Energy analysts have warned that industrial gas users might still end up paying double recent prices despite the fact that the Prime Minister hammered out a deal with Queensland LNG producers to fill the domestic shortfall in supply in 2018 and 2019.
LNG prices in Asia have been climbing steadily in anticipation of the Australian government triggering the gas export restriction mechanism, but the deal announced on Tuesday sent gas prices skyrocketing.
Prices of $8-$10 a gigajoule may be on offer for gas supplied under firm contracts for an east coast buyer next year with prices for contracted deliveries typically higher than prices available on the spot market.
That compares with about $5-$6 for typical prices in expiring contracts and historical prices of $3-$4. The Prime Minister also recently admitted that the gas crisis was three times as large as originally thought.
Mark Samter, an energy analyst at Credit Suisse warned that prices could be higher based on the spot Asian LNG price for the first quarter next year, translating to at least $11 a gigajoule for a large manufacturer in Victoria, and even more for a smaller one.
Analysts and energy market watchers are warning of the risks of benchmarking local east coast gas prices against volatile LNG spot prices, as proposed by the Australian Competition & Consumer Commission in an inaugural report on gas published last week.

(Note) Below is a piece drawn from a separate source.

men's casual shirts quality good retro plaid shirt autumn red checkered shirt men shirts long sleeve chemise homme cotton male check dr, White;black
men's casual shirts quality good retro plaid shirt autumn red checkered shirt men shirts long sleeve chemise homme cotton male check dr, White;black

The deal brokered by the Prime Minister included a guarantee by the three LNG export ventures in Queensland to fill a supply gap forecast for 2018 and 2019, and a pledge to offer gas produced over and above sales contracts to domestic users first, before shipping it to the Asian spot LNG market.

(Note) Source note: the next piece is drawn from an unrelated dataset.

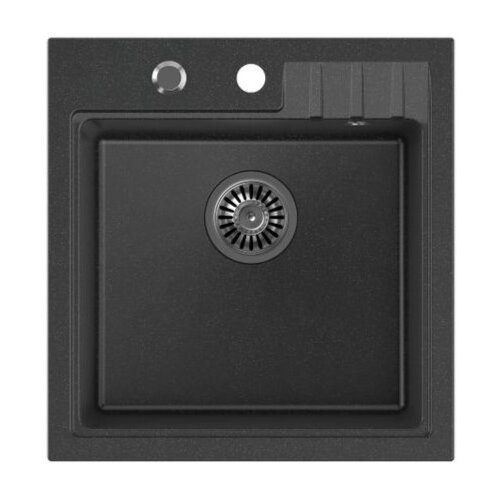 Quadron SUDOPER PETER 110 crna s uzorkom/čelik, (HCQP5052CZK) Slike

But the current market price is now about 40 per cent higher than the benchmark prices that the Australian Competition and Consumer Commission used in that report as a suggestion of reasonable east coast prices.
Asian LNG prices hit $US8.50 mark
The ACCC’s calculations assumed a spot price for Asian LNG of $US6 per million British thermal units for 2018, which translated back to a local gas price of $5.87 at the Wallumbilla gas hub in Queensland.
Asian LNG prices for the March quarter of 2018 are currently at about $US8.50, suggesting a Wallumbilla price of about $9. When pipeline costs to the south are included, even a major Victorian user would be paying more than $11.
Asian LNG spot prices have been driven higher over the past weeks by strong Chinese and South Korean demand, the disruption of US exports by a hurricane and growing expectations that exports from Queensland would be restricted.
Analysts expect Asian prices to weaken again, but they also say the volatility illustrates the problem with linking domestic east coast prices to Asian ones.
Spot LNG prices reached as high as $US20 in early 2015, which would suggest sky-high Australian prices.
Other analysts are not ruling out a slump in Asian spot prices towards $US4 next year, at which price the Queensland LNG ventures would be keeping gas not needed to meet long-term sales contracts in the ground and not making it available for sale at all.
If the price is too low, then production will stop because it is not economical to produce gas at that price.
Gas producers say that increasing gas supply and the number of gas suppliers is the only sustainable way to meet long-term demand on the east coast and to put downward pressure on prices.